You are describing a Distributed Computing setup.
But it is racy.
When some cooperating partner sends you a "start" event,
they probably ought to await your "ack" before embarking
on anything adventurous. Else they won't know whether
you (A.) heard and (B.) recorded the event.
That is to say, lack of acknowledgement invites
races and lost events when hosts might randomly reboot.
Ideally that partner would persist such events to
stable storage on their own, before beginning an
expensive operation.
Given that apparently there there's no ACKs, it sounds
like your app needs to persist the event as soon as feasible,
either across the LAN to a redundant host, or to a filesystem.
A simple approach is to
- receive the partner's message
- write() a line, appending to a text file
- fsync() to flush it from memory to disk / NVRAM / SSD
When you receive "completed" events, and when
you execute "terminate" commands, log those as well.
No need to fsync at once. Presumably other events
arrive with some frequency, and they will flush all
pending log records out to disk before long.
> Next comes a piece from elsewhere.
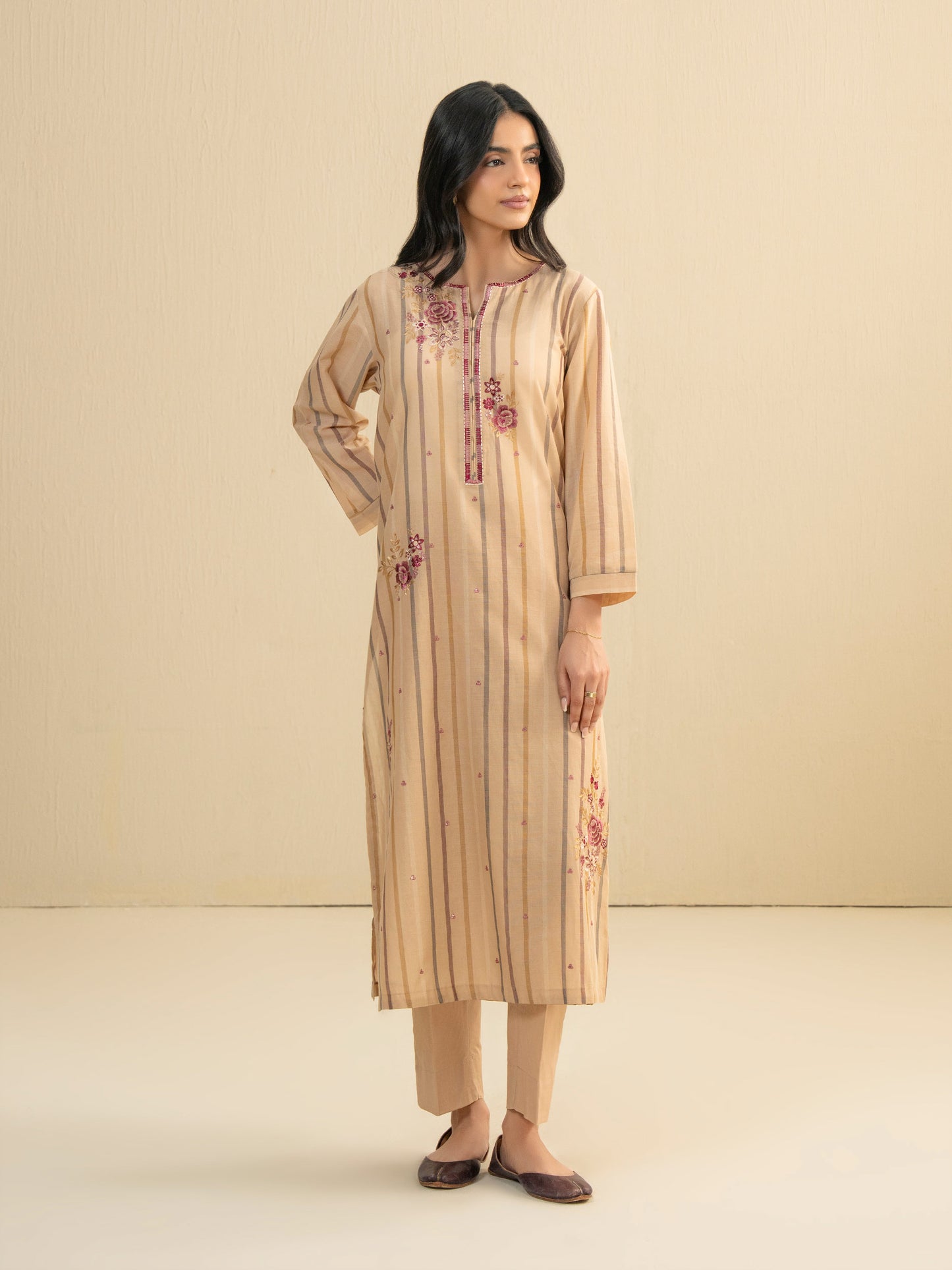 2 Piece Yarn Dyed Suit-Embroidered (Pret)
Upon restarting, just seek to near the end of the file
and replay all logged events, setting up a bunch of
timeout counters, and canceling them when the log
reveals that they already finished. Some timeouts may fire
immediately after we finish reading the log,
because they are stale. Presumably it is harmless to
issue a terminate(task_id)
command for a task that
already did a normal exit.
An alternate strategy, which does not depend so heavily
on accurate logging, is to query the status of all
currently running jobs when you come up.
Set a conservative timeout in the somewhat distant
future, and hope you stay up long enough to see such
a time arrive.
Or use extra information, such as each task's
size and start_time, to pick more sensible timeout values.
Consider using kafka, redis, or similar distributed
message brokers to coordinate your cluster's actions,
rather than relying on filesystem or RDBMS.
There are low latency solutions available which
do a good job of balancing Consistency,
Availability, and Partition tolerance.